Capítulo XXIII

MEDIO millar de soldados españoles yacían sobre endebles literas en improvisados hospitales de campaña en Salamanca. Los cirujanos se aprestaban a amputar miembros destrozados por la metralla, y a cauterizar y coser heridas de bayoneta y sable.

Faria había recibido un disparo en la pierna izquierda que le había agujereado la pantorrilla, sin afectarle al hueso, y tenía un corte de sable en el hombro izquierdo, propinado por un húsar. El sable del francés había ido dirigido directamente a su cabeza y si lo hubiera alcanzado de lleno habría sido mortal, pero en el último instante, y gracias a un aviso del sargento Morales, Faria pudo inclinarse hacia su derecha y esquivó la plenitud del golpe.

Morales se había batido como un verdadero león. Su enorme corpachón y su tremenda fuerza imponían de por sí a cualquier atacante, pero además, y pese a su corpulencia, el sargento se movía con la rapidez y la agilidad de un gamo. Tenía algunos rasguños en los brazos y un golpe en la ceja derecha que le había causado un enrojecimiento muy llamativo, aunque nada importante.

A los pocos días, mientras los heridos se recuperaban y los muertos eran enterrados, llegó a Salamanca la noticia de que Marmont había ordenado a las tropas francesas desplegadas en Andalucía que se concentraran al norte de Sierra Morena.
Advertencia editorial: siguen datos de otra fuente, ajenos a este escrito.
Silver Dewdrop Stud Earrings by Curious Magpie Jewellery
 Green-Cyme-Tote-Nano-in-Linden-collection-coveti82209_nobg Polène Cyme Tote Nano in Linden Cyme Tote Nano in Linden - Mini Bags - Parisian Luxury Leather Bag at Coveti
Tras la batalla de los Arapiles, la situación en la Península había experimentado un cambio sustancial.

Napoleón había salido en campaña hacia Rusia al frente de más de seiscientos mil hombres, imposibilitando así que las tropas francesas en España pudieran recibir más efectivos, las guerrillas incrementaban sus acciones de emboscadas día a día y los británicos parecían dispuestos a seguir invirtiendo hombres y dinero en la que ellos llamaban la Guerra Peninsular.

—Mi coronel, los franceses retroceden hacia el norte —informó Morales a Faria, que se recuperaba en Salamanca de las heridas en la pierna y en el hombro—; se asegura que van a abandonar Andalucía a toda prisa. José Bonaparte también ha retrocedido hasta los altos de Guadarrama y Wellington avanza hacia Madrid; ya ha ocupado Valladolid y Segovia.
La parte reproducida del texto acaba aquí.